This tiered approach forms a hybrid storage engine. The central challenge becomes orchestrating these three disparate systems to maintain data consistency and provide a unified data access layer for the application.

Orchestrating the Polyglot Persistence Layer

The core of the implementation is a HybridRAGDataService that encapsulates all interactions with the three underlying data stores. Its primary responsibility is to ensure that an operation, like adding a new document, is executed correctly across all tiers. In a real-world project, the lack of distributed transaction support across JPA, LevelDB, and a network call to ChromaDB is the most significant risk. Our strategy is to define a primary store (SQLite/JPA) and treat the others as secondary. If a write to a secondary store fails, we must implement compensatory logic to roll back the primary store’s change.

Here is the ingestion flow for a new document:

sequenceDiagram
    participant App as Application
    participant Service as HybridRAGDataService
    participant JPA as JPA (SQLite)
    participant LevelDB as RawContentStore
    participant Chroma as VectorStore (ChromaDB)

    App->>Service: addDocument(content, metadata)
    Service->>JPA: 1. Persist DocumentMetadata
    JPA-->>Service: Return generated ID (e.g., 42)
    Service->>Service: 2. Generate embedding for content
    alt Successful Ingestion
        Service->>LevelDB: 3. Put(key=42, value=content)
        LevelDB-->>Service: OK
        Service->>Chroma: 4. Add(vector, metadata={"doc_id": "42"})
        Chroma-->>Service: OK
        Service-->>App: DocumentAddedSuccessfully
    else LevelDB Write Fails
        Service->>LevelDB: 3. Put(key=42, value=content)
        LevelDB-->>Service: FAILED
        Service->>JPA: 5a. Rollback: Delete DocumentMetadata(id=42)
        JPA-->>Service: OK
        Service-->>App: IngestionFailedException
    else ChromaDB Add Fails
        Service->>Chroma: 4. Add(vector, metadata={"doc_id": "42"})
        Chroma-->>Service: FAILED
        Service->>JPA: 5b. Rollback: Delete DocumentMetadata(id=42)
        JPA-->>Service: OK
        Service->>LevelDB: 5c.
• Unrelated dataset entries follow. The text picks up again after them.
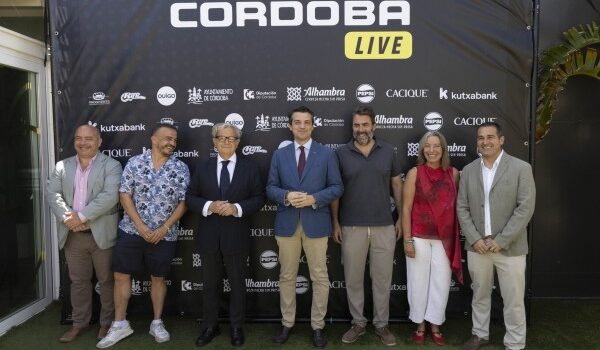 Córdoba Live 2026 consolida su éxito y apuesta por el talento emergente de la provincia gracias a la Diputación de Córdoba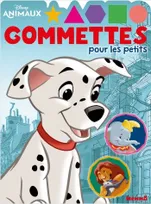Disney Animaux - Gommettes pour les petits (Dalmatien)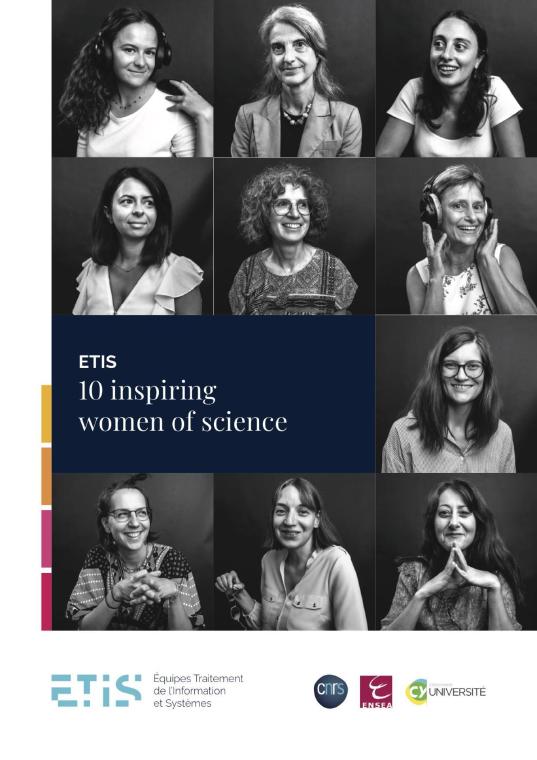 ETIS, Ten Inspiring Women Scientists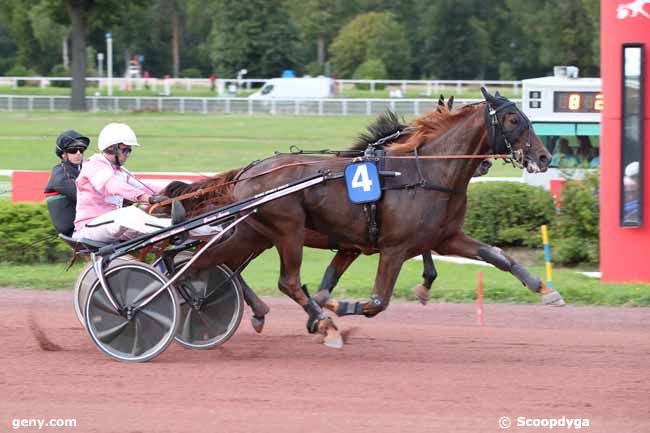 12/08/2023 - Enghien - Prix de la Porte de Clichy : Arrivée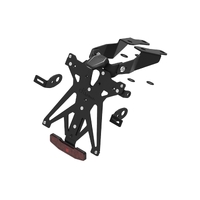 LighTech Adjustable License Plate Holder Kit for Suzuki Multiple Models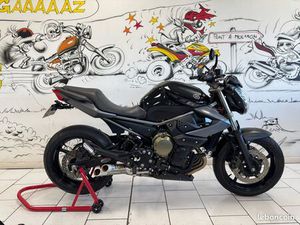 SUPERBE YAMAHA XJ6 BRIDÉ A2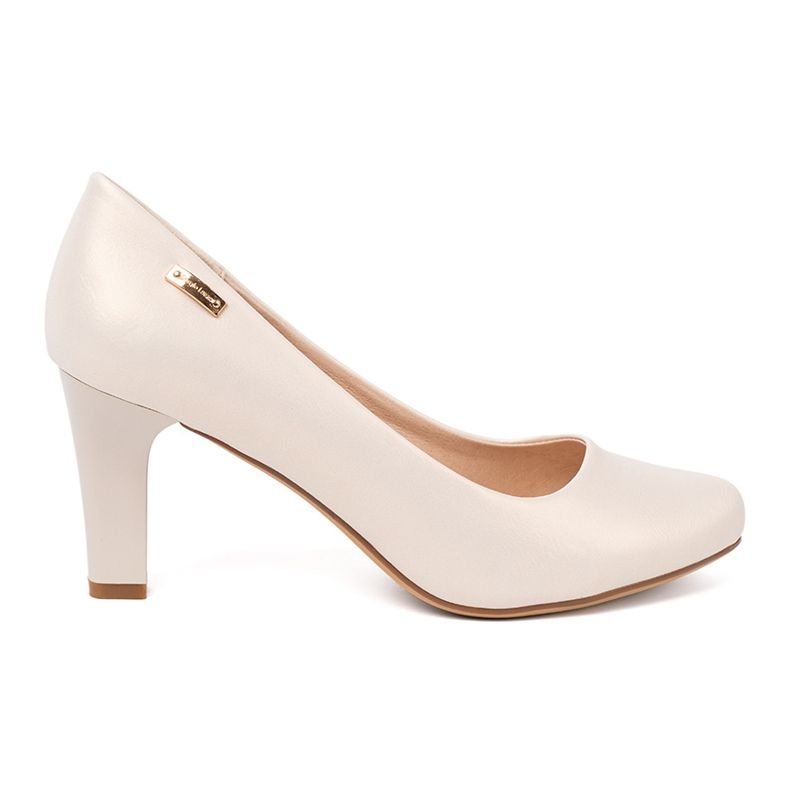 Beige pumput Sergio Leone Postissa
Rollback: Delete(key=42)
        LevelDB-->>Service: OK
        Service-->>App: IngestionFailedException
    end

The corresponding query flow leverages each store for what it does best:

sequenceDiagram
    participant App as Application
    participant Service as HybridRAGDataService
    participant Chroma as VectorStore (ChromaDB)
    participant LevelDB as RawContentStore
    participant JPA as JPA (SQLite)

    App->>Service: retrieveContext(queryText)
    Service->>Service: 1. Generate embedding for queryText
    Service->>Chroma: 2. Query for top-k nearest vectors
    Chroma-->>Service: Return list of doc_ids ["7", "101", "34"]
    Service->>LevelDB: 3. Batch Get(keys=["7", "101", "34"])
    LevelDB-->>Service: Return map of {id -> raw_content}
    Service->>JPA: 4. (Optional) Batch FindByIds(["7", "101", "34"])
    JPA-->>Service: Return map of {id -> metadata}
    Service->>Service: 5. Combine content and metadata
    Service-->>App: Return RichContext objects

Project Foundation and Dependencies

We use Maven to manage the project. The pom.xml must include dependencies for the SQLite dialect, JPA/Hibernate, the LevelDB JNI wrapper, and the ChromaDB Java client.

<project ...>
    <properties>
        <maven.compiler.source>17</maven.compiler.source>
        <maven.compiler.target>17</maven.compiler.target>
        <hibernate.version>6.2.7.Final</hibernate.version>
        <sqlite.driver.version>3.42.0.0</sqlite.driver.version>
    </properties>

    <dependencies>
        <!-- JPA and Hibernate for SQLite -->
        <dependency>
            <groupId>org.hibernate.orm</groupId>
            <artifactId>hibernate-core</artifactId>
            <version>${hibernate.version}</version>
        </dependency>
        <dependency>
            <groupId>org.xerial</groupId>
            <artifactId>sqlite-jdbc</artifactId>
            <version>${sqlite.driver.version}</version>
        </dependency>
        <dependency>
            <groupId>org.glassfish.jaxb</groupId>
            <artifactId>jaxb-runtime</artifactId>
            <version>4.0.3</version>
        </dependency>

        <!-- LevelDB JNI Wrapper -->
        <dependency>
            <groupId>org.fusesource.leveldbjni</groupId>
            <artifactId>leveldbjni-all</artifactId>
            <version>1.8</version>
        </dependency>

        <!-- ChromaDB Java Client -->
        <dependency>
            <groupId>dev.langchain4j</groupId>
            <artifactId>langchain4j-chroma</artifactId>
            <version>0.24.0</version>
        </dependency>
        
        <!-- A simple embedding model client -->
        <dependency>
            <groupId>dev.langchain4j</groupId>
            <artifactId>langchain4j-open-ai</artifactId>
            <version>0.24.0</version>
        </dependency>

        <!-- Logging -->
        <dependency>
            <groupId>org.slf4j</groupId>
            <artifactId>slf4j-simple</artifactId>
            <version>2.0.7</version>
        </dependency>
    </dependencies>
</project>

A common pitfall in modern Java is the removal of JAXB from the JDK. We must explicitly add it for Hibernate to function correctly.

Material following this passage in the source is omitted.